Keywords

1 Introduction

EEGLAB [1] is an open-source toolbox running in MATLAB (The Mathworks, Inc.) made for EEG signal analysis and conceived to go beyond traditional mean peak analysis. One of its major preprocessing steps is the Independent Component Analysis (ICA) [2]. A dipole fitting plugin, DIPFIT [3], is then used to locate the corresponding potential brain sources (modeled as dipoles) in a brain template.

EEGLAB uses the Independent Component (IC) clustering approach for multi-subject analysis in the brain source domain. The number of adjustable parameters available in its GUI to cluster the ICs might, however, introduce subjectivity into the process. To address this issue, Bigdely-Shamlo, Mullen, Kreutz-Delgado, and Makeig (2013) developed a plugin for EEGLAB, called the Measure Projection Toolbox (MPT), which proposes a simpler and objective clustering procedure.

Even though EEGLAB and MPT offer performing algorithms intended for processing individual datasets and for IC clustering, they both have some important limitations when it comes to creating and running multi-subject studies with complex statistical designs such as longitudinal designs.

These limitations are (1) EEGLAB does not allow one to create a “studyset” (dataset gathering all the individual datasets) including different ICA decompositions for a given subject; (2) the STUDY feature in EEGLAB, which handles the statistical modules for multi-subject comparisons (i.e., “study design”), which does not support more than two independent variables; (3) the MPT statistical feature only supports two independent variables (Group and Dynamic); (4) in the MPT, once the domains (i.e., clusters) are computed, only two types of univariate analysis are available (t-test and permutation); and (5) in the MPT, in the case of comparison of two different groups for one condition, missing values are replaced with zeros (0) in order to keep the number of datasets equal in both groups, and in the case of comparison of two different conditions for both groups gathered together, the datasets with even a single missing value are completely removed from the statistical analysis, which can have a significant impact on the results.

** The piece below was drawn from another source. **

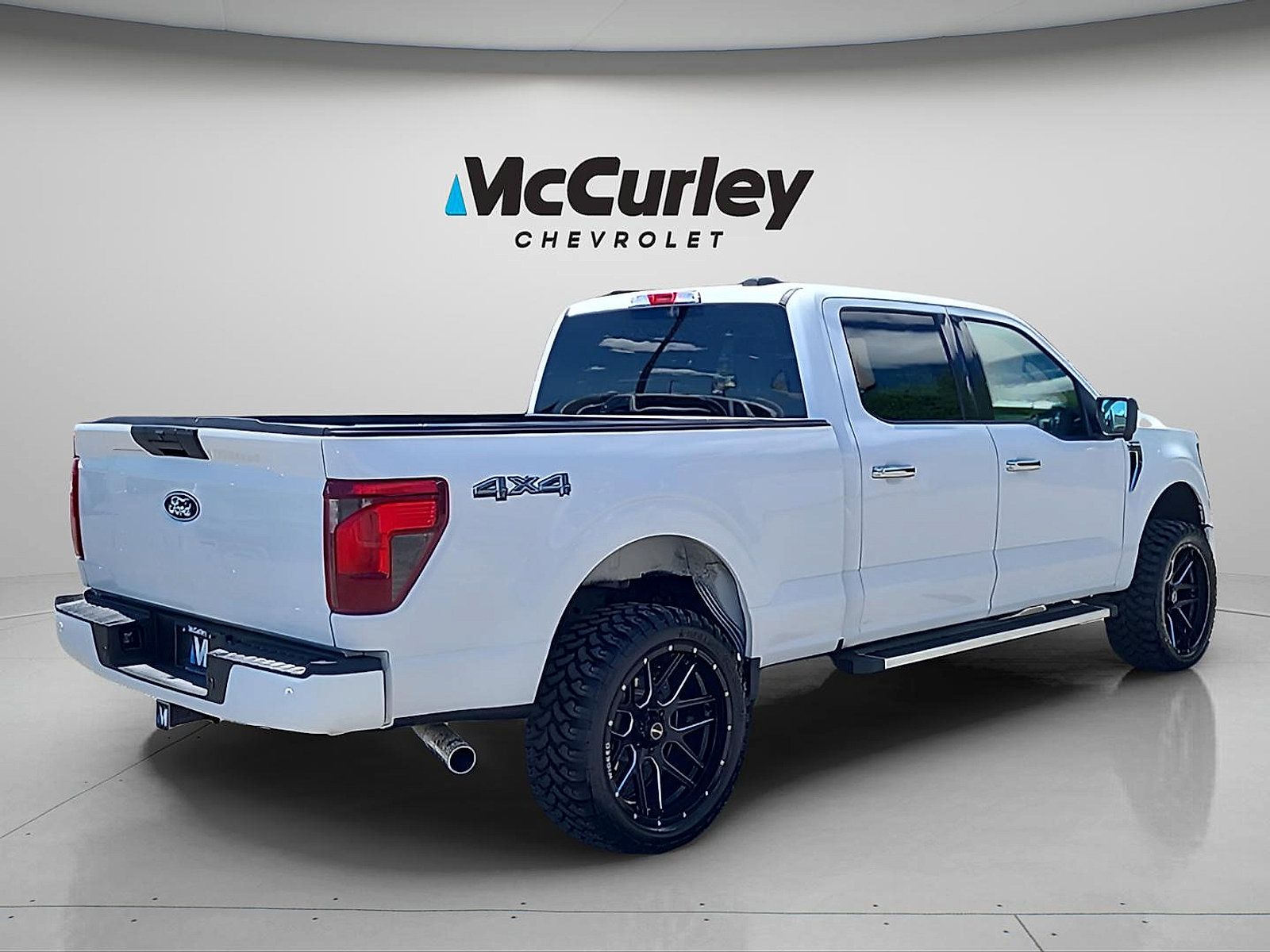 Used 2024 Ford F150 XLT w/ Tow/Haul Package AWD/4WD image 7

Since its release in 2013, the MPT has been used in only a few published studies [4,5,6,7,8]. We believe that the limitations mentioned above are one of the reasons why few researchers have used it.

As a solution to these limitations, we developed a framework for EEGLAB called StaR (Statistics in R). StaR provides a complete pipeline extracting the data from EEGLAB, the MPT, and MATLAB altogether, in order to perform statistical analyses in R framework, and bringing the results back in MATLAB to easily plot them in various ways using the StaR UI that leverages the EEGLAB graphics [9,10,11,12].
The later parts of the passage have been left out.